**ABOUT THIS EXERCISE**
Among the entries below, only the lines starting at the one with "Rule 34 | 1girl, apron, bare" and ending at the one with "Save Pangolins Animal Rights Xmas Keychain", both included, are to be printed exactly.

**SUPPLIED RECORDS**
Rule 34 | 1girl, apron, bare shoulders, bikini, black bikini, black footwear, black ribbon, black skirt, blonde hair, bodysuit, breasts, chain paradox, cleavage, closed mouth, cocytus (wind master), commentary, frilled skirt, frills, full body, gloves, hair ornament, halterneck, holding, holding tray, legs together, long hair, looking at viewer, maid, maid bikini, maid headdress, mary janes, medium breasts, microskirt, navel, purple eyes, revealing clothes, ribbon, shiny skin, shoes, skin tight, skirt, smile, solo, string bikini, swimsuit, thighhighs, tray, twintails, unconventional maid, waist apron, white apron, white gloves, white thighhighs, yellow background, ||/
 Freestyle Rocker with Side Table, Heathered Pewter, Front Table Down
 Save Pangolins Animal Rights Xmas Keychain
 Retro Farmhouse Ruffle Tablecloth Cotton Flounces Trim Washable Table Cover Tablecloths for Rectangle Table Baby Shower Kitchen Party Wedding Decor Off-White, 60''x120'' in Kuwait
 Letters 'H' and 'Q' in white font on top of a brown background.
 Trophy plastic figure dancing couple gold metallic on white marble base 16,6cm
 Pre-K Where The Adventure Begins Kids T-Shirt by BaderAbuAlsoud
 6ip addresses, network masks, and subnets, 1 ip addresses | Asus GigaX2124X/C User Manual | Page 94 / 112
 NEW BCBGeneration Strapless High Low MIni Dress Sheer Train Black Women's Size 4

==

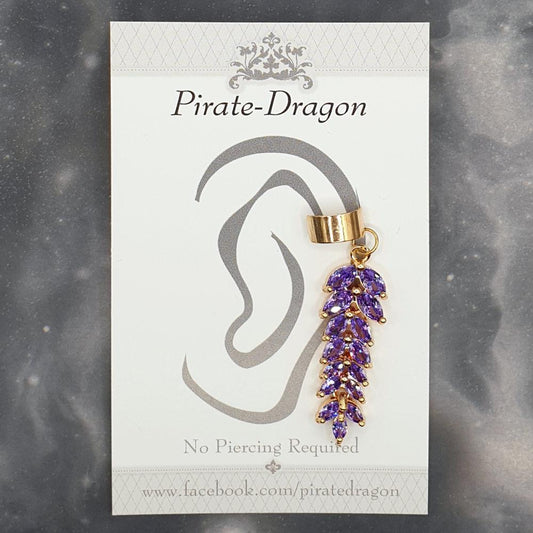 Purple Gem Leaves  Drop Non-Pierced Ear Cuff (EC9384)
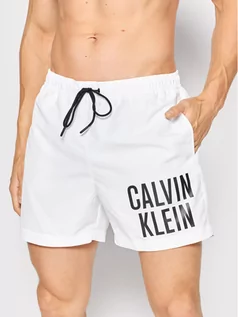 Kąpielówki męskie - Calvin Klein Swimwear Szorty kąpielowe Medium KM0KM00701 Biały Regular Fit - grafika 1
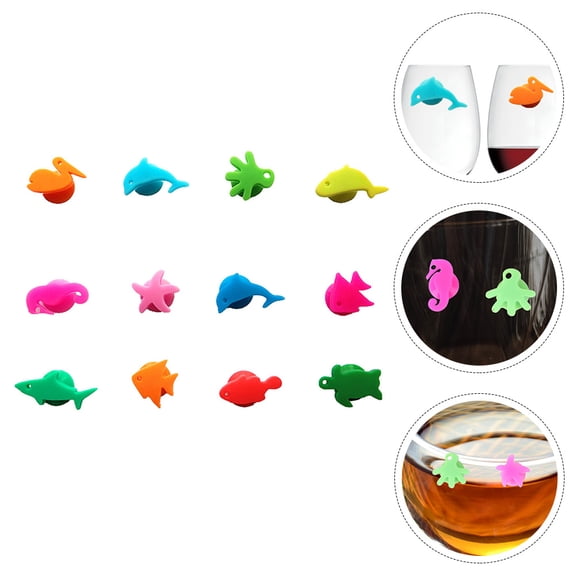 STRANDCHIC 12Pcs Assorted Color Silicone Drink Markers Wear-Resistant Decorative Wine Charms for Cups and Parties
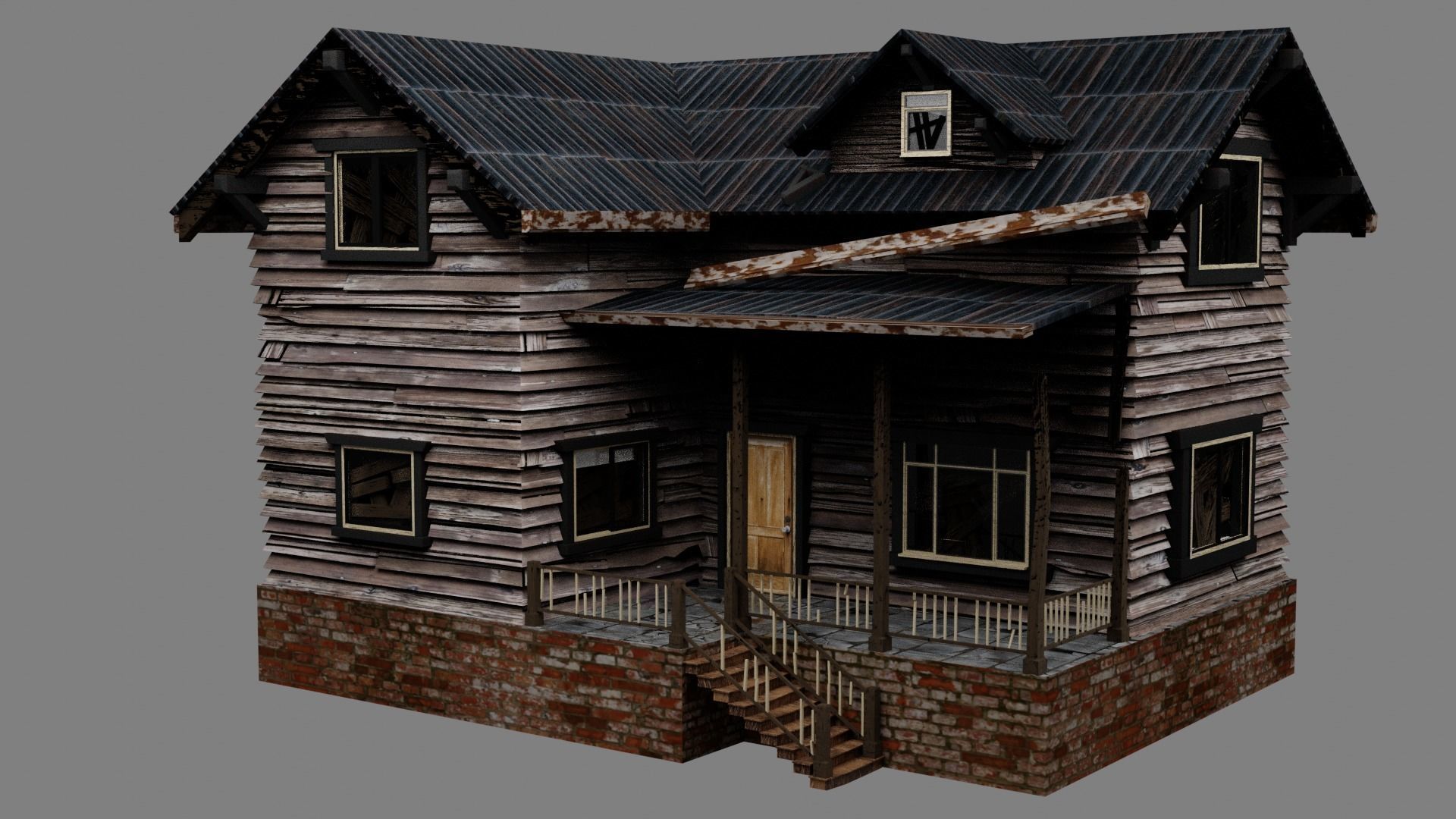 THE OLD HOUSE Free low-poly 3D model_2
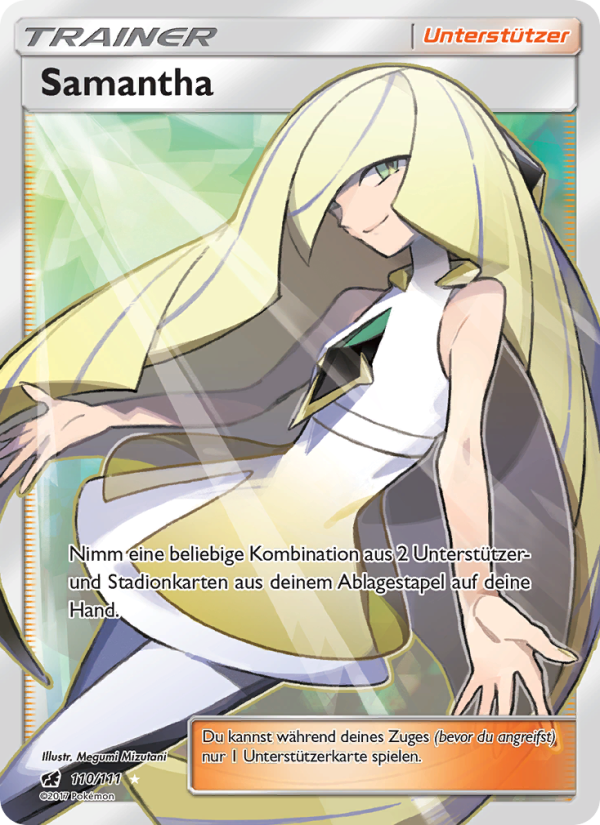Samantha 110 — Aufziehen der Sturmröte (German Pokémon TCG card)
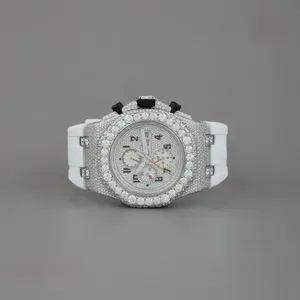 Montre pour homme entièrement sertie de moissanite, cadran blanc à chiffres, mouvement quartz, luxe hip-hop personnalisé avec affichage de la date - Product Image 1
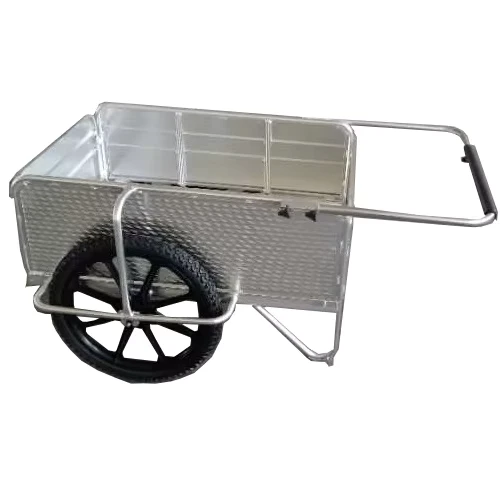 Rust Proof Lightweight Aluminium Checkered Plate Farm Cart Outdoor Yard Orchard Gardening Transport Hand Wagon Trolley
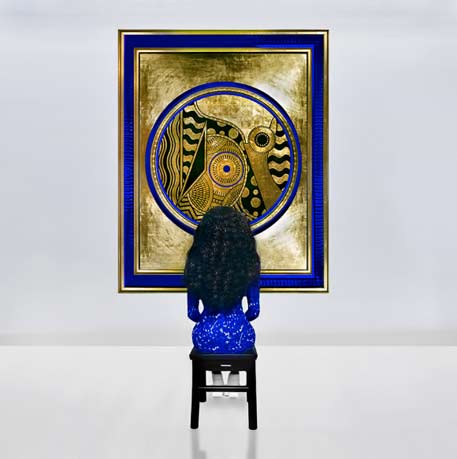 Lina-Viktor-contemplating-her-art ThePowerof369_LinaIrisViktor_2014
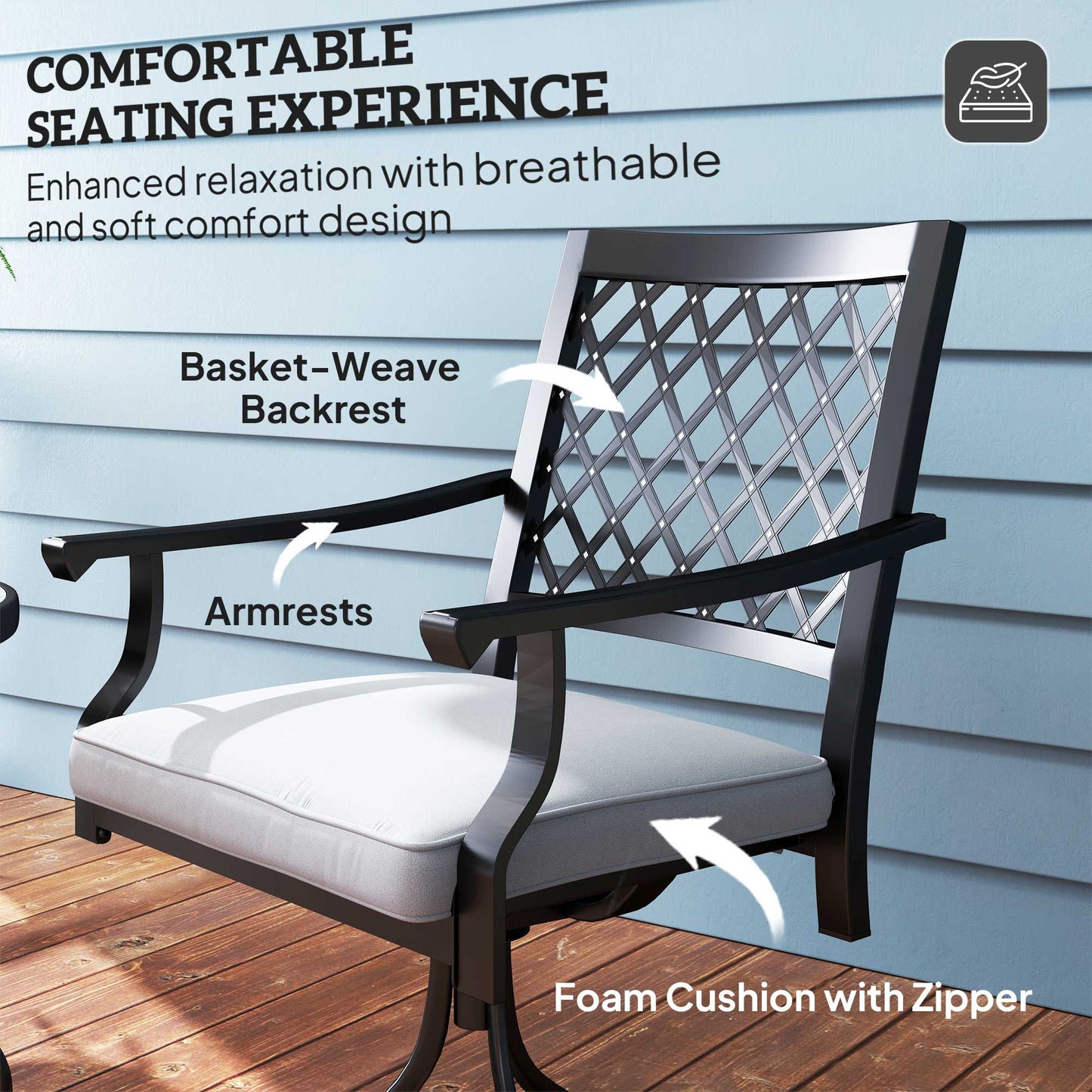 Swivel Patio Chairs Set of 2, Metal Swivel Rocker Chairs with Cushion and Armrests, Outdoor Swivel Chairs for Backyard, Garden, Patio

**TASK RESULT**
Rule 34 | 1girl, apron, bare shoulders, bikini, black bikini, black footwear, black ribbon, black skirt, blonde hair, bodysuit, breasts, chain paradox, cleavage, closed mouth, cocytus (wind master), commentary, frilled skirt, frills, full body, gloves, hair ornament, halterneck, holding, holding tray, legs together, long hair, looking at viewer, maid, maid bikini, maid headdress, mary janes, medium breasts, microskirt, navel, purple eyes, revealing clothes, ribbon, shiny skin, shoes, skin tight, skirt, smile, solo, string bikini, swimsuit, thighhighs, tray, twintails, unconventional maid, waist apron, white apron, white gloves, white thighhighs, yellow background, ||/
 Freestyle Rocker with Side Table, Heathered Pewter, Front Table Down
 Save Pangolins Animal Rights Xmas Keychain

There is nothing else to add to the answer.